A logarithmic amplifier includes the base and emitter of a bipolar junction transistor coupled in a feedback path between the output and the input of a gain element. When the bipolar junction transistor is a PNP transistor, the logarithmic amplifier can be made compatible with CMOS semiconductor circuitry and processes.

Description

BACKGROUND OF THE INVENTION

[0001] Logarithmic amplifiers are used in a variety of measurement applications to amplify signals that span wide dynamic ranges. For example, logarithmic amplifiers disclosed in U.S. Pat. No. 4,996,500 are coupled to detectors in an automatic level control system to amplify signals from the detectors that span multiple voltage decades. The logarithmic amplifiers provide nonlinear amplification, where the amount of amplification depends on the magnitude of the signals that are applied to the logarithmic amplifiers. Higher amplification is provided to an applied signal that has a lower magnitude, and lower amplification is provided to an applied signal that has a higher magnitude.

[0002] A conventional logarithmic amplifier, disclosed in engineering texts such as Analysis and Design of Analog Integrated Circuits, Second Edition, by Gray and Meyer, ISBN 0471-87493-0, page 358, includes a voltage amplifier with the collector and emitter of a bipolar junction transistor coupled in a feedback path between the input and output of the voltage amplifier, as shown in FIG. 1. These logarithmic amplifiers can be implemented in a variety ways.
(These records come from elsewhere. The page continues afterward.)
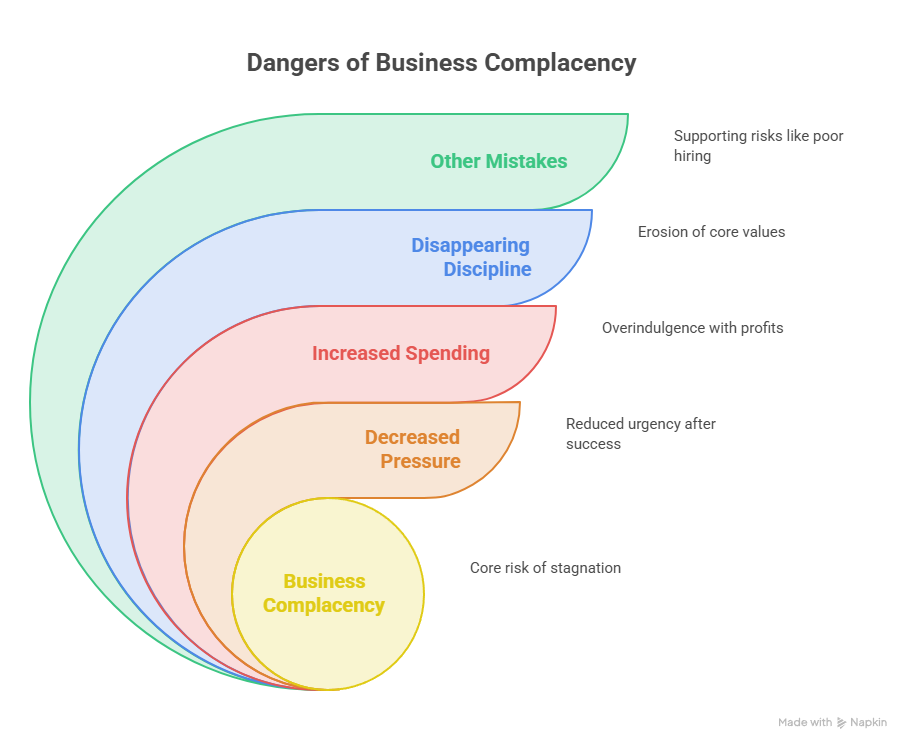 Become Complacent - Business complacency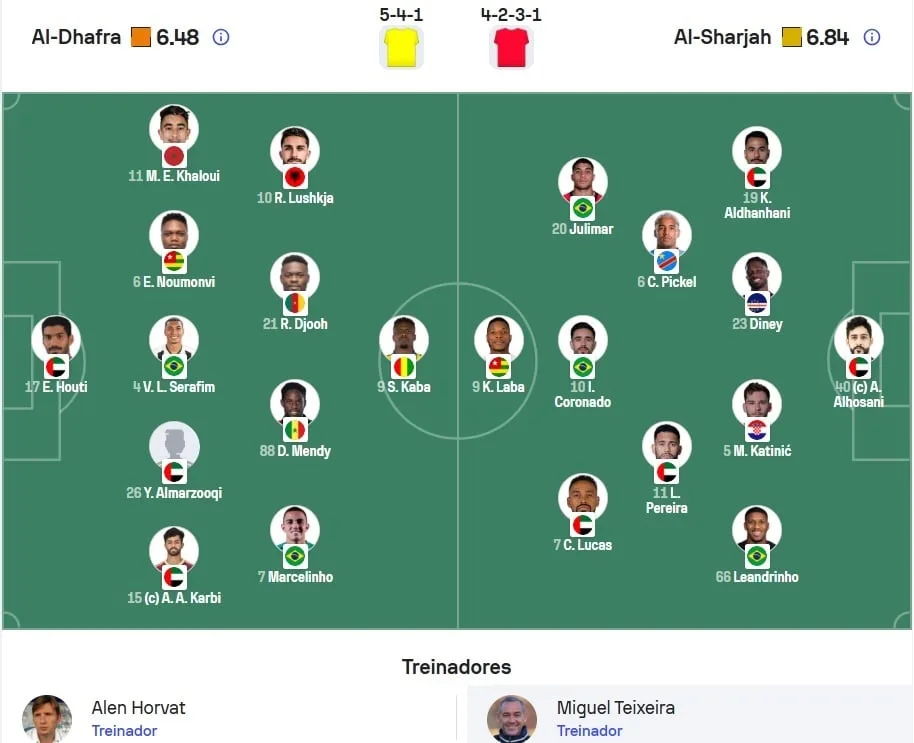 Emprestado pelo Athletico, Julimar estreia com gol e vitória em novo clube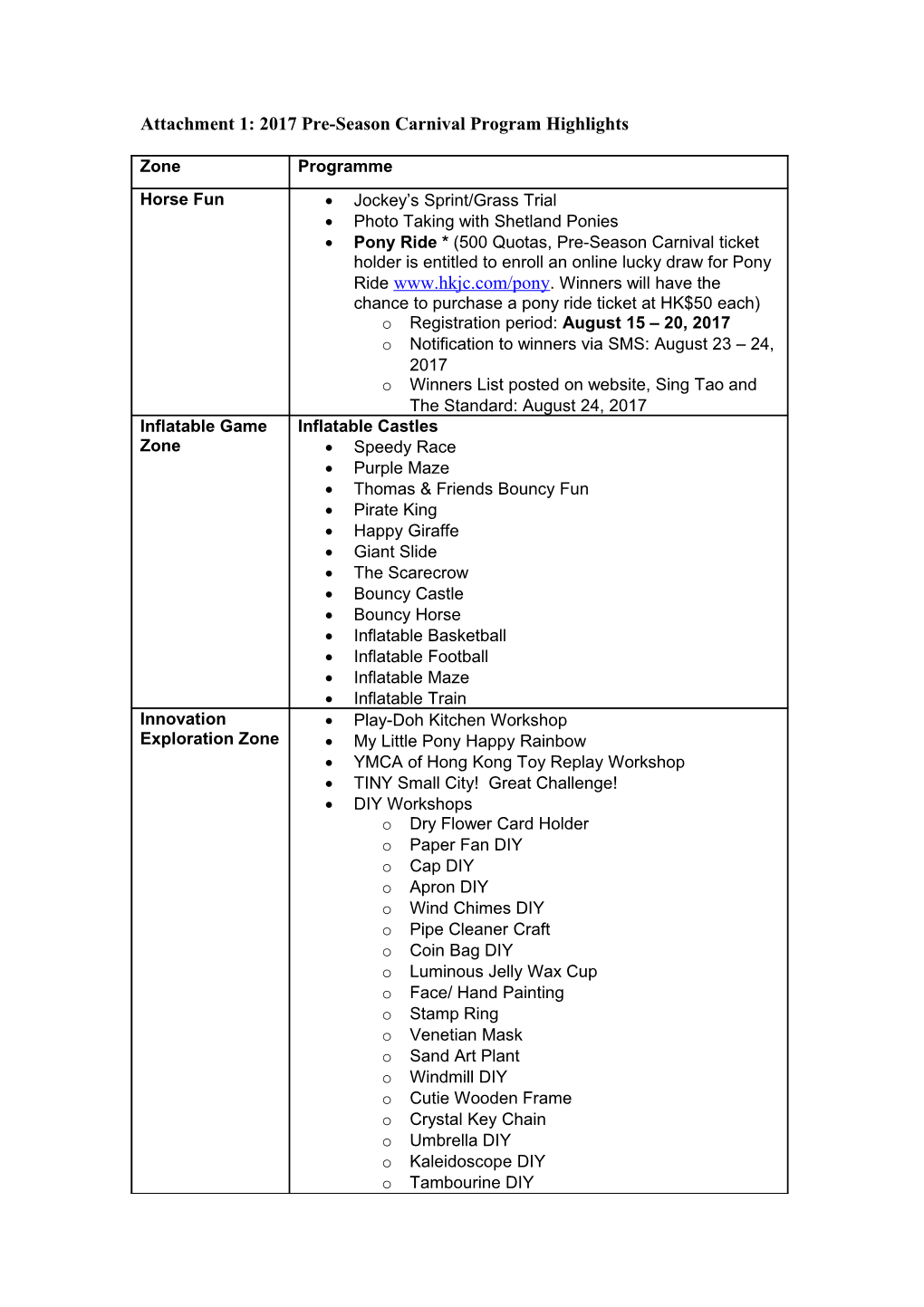 Attachment 1: 2017 Pre-Season Carnival Program Highlights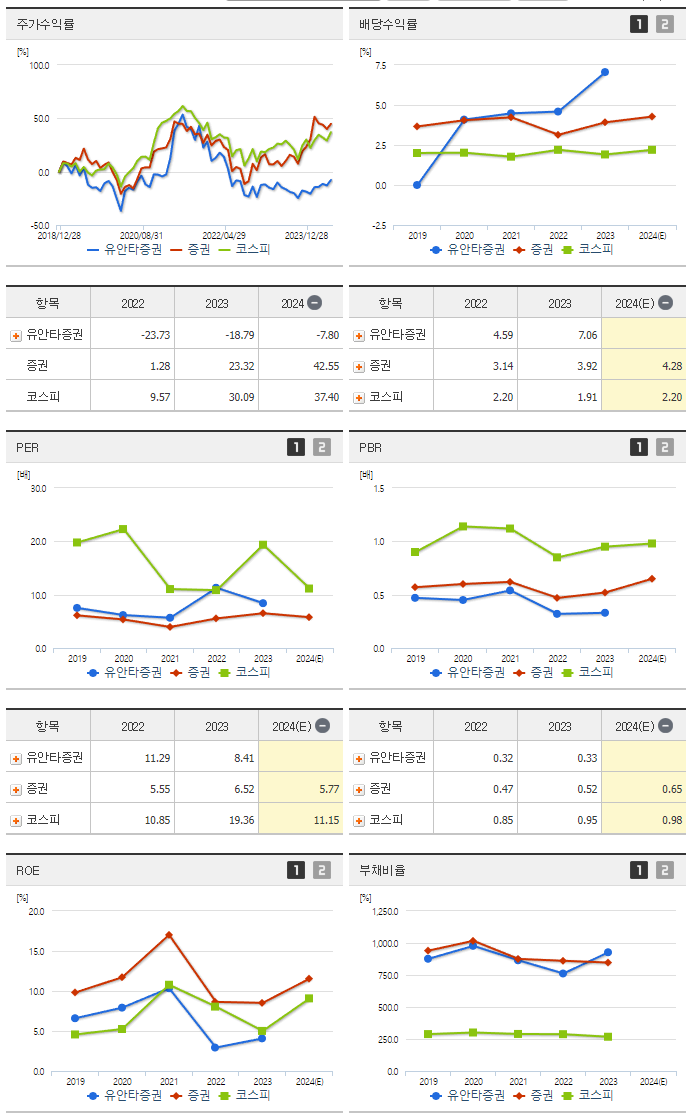 유안타증권_섹터분석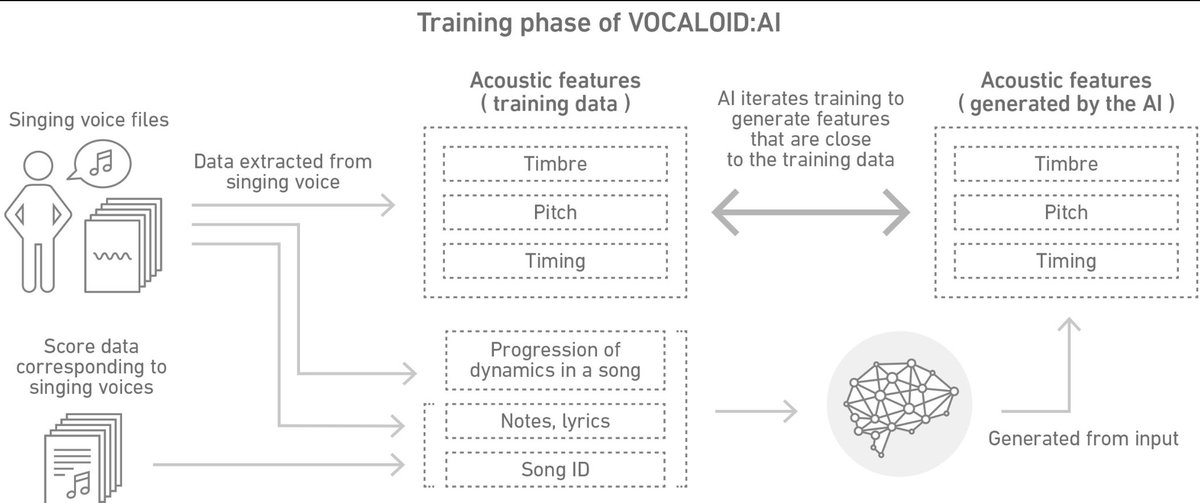 Angry Aloe 2.0 tweet media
In one implementation, the voltage amplifier and bipolar junction transistor are integrated using bipolar semiconductor processes to form an integrated circuit. In another implementation, the voltage amplifier is an operational amplifier and the bipolar junction transistor, such as an NPN transistor, is a discrete device that is external to the operational amplifier. However, in a variety of measurement systems, signal processing circuitry is implemented using CMOS semiconductor processes, due to the low cost and high levels of integration that can be achieved using the CMOS semiconductor processes. The logarithmic amplifier of FIG. 1 is not compatible with circuitry implemented in the CMOS semiconductor process because the collector of a bipolar junction transistor fabricated in the CMOS semiconductor process is formed in the semiconductor substrate, which during operation of the circuitry is tied to the lowest potential provided to the circuitry. Since in many measurement systems it is desirable to integrate a logarithmic amplifier with other circuitry implemented using CMOS semiconductor processes, there is a need for a logarithmic amplifier that is compatible with CMOS semiconductor processes.

SUMMARY OF THE INVENTION

[0003] A logarithmic amplifier according to embodiments of the present invention includes the base and emitter of a bipolar junction transistor coupled in a feedback path between the output and the input of a gain element. When the bipolar junction transistor is a PNP transistor, the logarithmic amplifier can be made compatible with CMOS semiconductor circuitry and processes.

BRIEF DESCRIPTION OF THE DRAWINGS

[0004] FIG. 1 shows a conventional logarithmic amplifier.

[0005] FIGS. 2A-2D show logarithmic amplifiers according to embodiments of the present invention.

[0006] FIG. 3 shows a logarithmic amplifier according to alternative embodiments of the present invention.

[0007] FIGS. 4A-4B show exemplary transfer characteristics for the logarithmic amplifier shown in FIG. 3.

DETAILED DESCRIPTION OF THE EMBODIMENTS

[0008] FIGS. 2A-2D show logarithmic amplifiers 10, 12, 14, 16 according to first embodiments of the present invention. The logarithmic amplifiers 10, 12, 14, 16 each include a gain element G, which can be any of a variety of amplifiers that provide high open-loop gain. Typically, the gain element G is an integrated semiconductor amplifier, such as an operational amplifier, or an amplifier implemented using discrete components. The exemplary logarithmic amplifiers shown in FIGS. 2A-2D include differential voltage amplifiers, having high open-loop gain, as the gain element G. The voltage amplifiers have inverting inputs labeled "-" and have noninverting inputs labeled "+".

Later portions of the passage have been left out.